━━ Data for analysis

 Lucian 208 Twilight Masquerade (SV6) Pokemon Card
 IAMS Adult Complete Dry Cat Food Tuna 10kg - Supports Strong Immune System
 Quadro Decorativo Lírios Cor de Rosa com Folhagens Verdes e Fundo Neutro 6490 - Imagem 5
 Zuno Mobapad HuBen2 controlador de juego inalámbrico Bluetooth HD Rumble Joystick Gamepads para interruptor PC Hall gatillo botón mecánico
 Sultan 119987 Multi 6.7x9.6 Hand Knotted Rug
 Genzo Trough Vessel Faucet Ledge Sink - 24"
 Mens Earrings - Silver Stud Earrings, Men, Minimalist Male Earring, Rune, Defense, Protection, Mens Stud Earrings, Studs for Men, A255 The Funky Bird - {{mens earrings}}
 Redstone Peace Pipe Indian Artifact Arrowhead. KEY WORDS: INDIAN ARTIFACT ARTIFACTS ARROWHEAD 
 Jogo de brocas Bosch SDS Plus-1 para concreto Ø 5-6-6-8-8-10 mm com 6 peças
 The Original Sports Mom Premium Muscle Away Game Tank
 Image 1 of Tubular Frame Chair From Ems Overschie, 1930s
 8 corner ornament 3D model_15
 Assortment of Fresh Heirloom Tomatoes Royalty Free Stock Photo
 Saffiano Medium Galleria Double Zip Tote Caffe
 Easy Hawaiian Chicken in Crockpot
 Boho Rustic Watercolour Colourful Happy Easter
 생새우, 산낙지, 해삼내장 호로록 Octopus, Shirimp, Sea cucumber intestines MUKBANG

━━━━

■ Instructions for the task: Which lines above hold the string "para"? Copy each of them.

■ Solved problem:
 Zuno Mobapad HuBen2 controlador de juego inalámbrico Bluetooth HD Rumble Joystick Gamepads para interruptor PC Hall gatillo botón mecánico
 Jogo de brocas Bosch SDS Plus-1 para concreto Ø 5-6-6-8-8-10 mm com 6 peças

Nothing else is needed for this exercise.